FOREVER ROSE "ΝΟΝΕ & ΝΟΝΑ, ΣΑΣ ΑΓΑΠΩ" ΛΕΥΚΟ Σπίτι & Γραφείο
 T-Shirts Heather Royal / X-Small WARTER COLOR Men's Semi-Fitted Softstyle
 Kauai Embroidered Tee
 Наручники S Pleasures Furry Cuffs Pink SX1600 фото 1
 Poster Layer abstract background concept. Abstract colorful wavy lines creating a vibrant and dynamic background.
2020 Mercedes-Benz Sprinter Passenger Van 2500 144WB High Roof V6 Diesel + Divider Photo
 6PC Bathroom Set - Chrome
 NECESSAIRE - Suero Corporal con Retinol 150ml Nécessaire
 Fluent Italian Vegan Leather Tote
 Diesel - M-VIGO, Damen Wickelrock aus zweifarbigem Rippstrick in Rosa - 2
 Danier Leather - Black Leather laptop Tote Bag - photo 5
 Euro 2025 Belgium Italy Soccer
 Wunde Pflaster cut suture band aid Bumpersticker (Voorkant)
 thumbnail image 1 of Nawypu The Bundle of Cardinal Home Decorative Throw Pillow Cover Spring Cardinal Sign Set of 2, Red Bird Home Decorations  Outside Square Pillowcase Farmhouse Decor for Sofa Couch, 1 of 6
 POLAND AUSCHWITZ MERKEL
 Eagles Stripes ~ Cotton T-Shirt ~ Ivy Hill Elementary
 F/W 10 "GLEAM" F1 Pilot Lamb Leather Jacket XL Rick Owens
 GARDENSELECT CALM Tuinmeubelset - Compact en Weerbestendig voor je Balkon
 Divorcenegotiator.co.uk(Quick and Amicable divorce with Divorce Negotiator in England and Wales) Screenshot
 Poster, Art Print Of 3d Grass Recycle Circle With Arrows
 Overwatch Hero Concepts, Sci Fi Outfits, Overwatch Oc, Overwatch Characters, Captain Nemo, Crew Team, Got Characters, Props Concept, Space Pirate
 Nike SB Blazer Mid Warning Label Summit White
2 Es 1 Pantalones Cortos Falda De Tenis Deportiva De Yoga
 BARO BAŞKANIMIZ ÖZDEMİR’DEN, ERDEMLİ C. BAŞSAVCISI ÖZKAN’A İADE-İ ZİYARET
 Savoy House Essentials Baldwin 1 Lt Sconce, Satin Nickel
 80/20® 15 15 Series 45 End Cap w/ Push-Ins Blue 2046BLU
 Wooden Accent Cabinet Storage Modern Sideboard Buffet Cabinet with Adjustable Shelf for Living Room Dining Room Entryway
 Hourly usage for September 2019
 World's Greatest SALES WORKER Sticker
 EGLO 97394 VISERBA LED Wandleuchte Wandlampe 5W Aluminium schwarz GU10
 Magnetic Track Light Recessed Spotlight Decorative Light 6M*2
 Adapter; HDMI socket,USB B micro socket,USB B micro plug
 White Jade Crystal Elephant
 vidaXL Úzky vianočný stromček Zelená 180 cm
________________________
• **WHAT YOU HAVE TO DO**: Please give back the listing in full; each line must match exactly.

• **WRITTEN ANSWER**:
FOREVER ROSE "ΝΟΝΕ & ΝΟΝΑ, ΣΑΣ ΑΓΑΠΩ" ΛΕΥΚΟ Σπίτι & Γραφείο
 T-Shirts Heather Royal / X-Small WARTER COLOR Men's Semi-Fitted Softstyle
 Kauai Embroidered Tee
 Наручники S Pleasures Furry Cuffs Pink SX1600 фото 1
 Poster Layer abstract background concept. Abstract colorful wavy lines creating a vibrant and dynamic background.
2020 Mercedes-Benz Sprinter Passenger Van 2500 144WB High Roof V6 Diesel + Divider Photo
 6PC Bathroom Set - Chrome
 NECESSAIRE - Suero Corporal con Retinol 150ml Nécessaire
 Fluent Italian Vegan Leather Tote
 Diesel - M-VIGO, Damen Wickelrock aus zweifarbigem Rippstrick in Rosa - 2
 Danier Leather - Black Leather laptop Tote Bag - photo 5
 Euro 2025 Belgium Italy Soccer
 Wunde Pflaster cut suture band aid Bumpersticker (Voorkant)
 thumbnail image 1 of Nawypu The Bundle of Cardinal Home Decorative Throw Pillow Cover Spring Cardinal Sign Set of 2, Red Bird Home Decorations  Outside Square Pillowcase Farmhouse Decor for Sofa Couch, 1 of 6
 POLAND AUSCHWITZ MERKEL
 Eagles Stripes ~ Cotton T-Shirt ~ Ivy Hill Elementary
 F/W 10 "GLEAM" F1 Pilot Lamb Leather Jacket XL Rick Owens
 GARDENSELECT CALM Tuinmeubelset - Compact en Weerbestendig voor je Balkon
 Divorcenegotiator.co.uk(Quick and Amicable divorce with Divorce Negotiator in England and Wales) Screenshot
 Poster, Art Print Of 3d Grass Recycle Circle With Arrows
 Overwatch Hero Concepts, Sci Fi Outfits, Overwatch Oc, Overwatch Characters, Captain Nemo, Crew Team, Got Characters, Props Concept, Space Pirate
 Nike SB Blazer Mid Warning Label Summit White
2 Es 1 Pantalones Cortos Falda De Tenis Deportiva De Yoga
 BARO BAŞKANIMIZ ÖZDEMİR’DEN, ERDEMLİ C. BAŞSAVCISI ÖZKAN’A İADE-İ ZİYARET
 Savoy House Essentials Baldwin 1 Lt Sconce, Satin Nickel
 80/20® 15 15 Series 45 End Cap w/ Push-Ins Blue 2046BLU
 Wooden Accent Cabinet Storage Modern Sideboard Buffet Cabinet with Adjustable Shelf for Living Room Dining Room Entryway
 Hourly usage for September 2019
 World's Greatest SALES WORKER Sticker
 EGLO 97394 VISERBA LED Wandleuchte Wandlampe 5W Aluminium schwarz GU10
 Magnetic Track Light Recessed Spotlight Decorative Light 6M*2
 Adapter; HDMI socket,USB B micro socket,USB B micro plug
 White Jade Crystal Elephant
 vidaXL Úzky vianočný stromček Zelená 180 cm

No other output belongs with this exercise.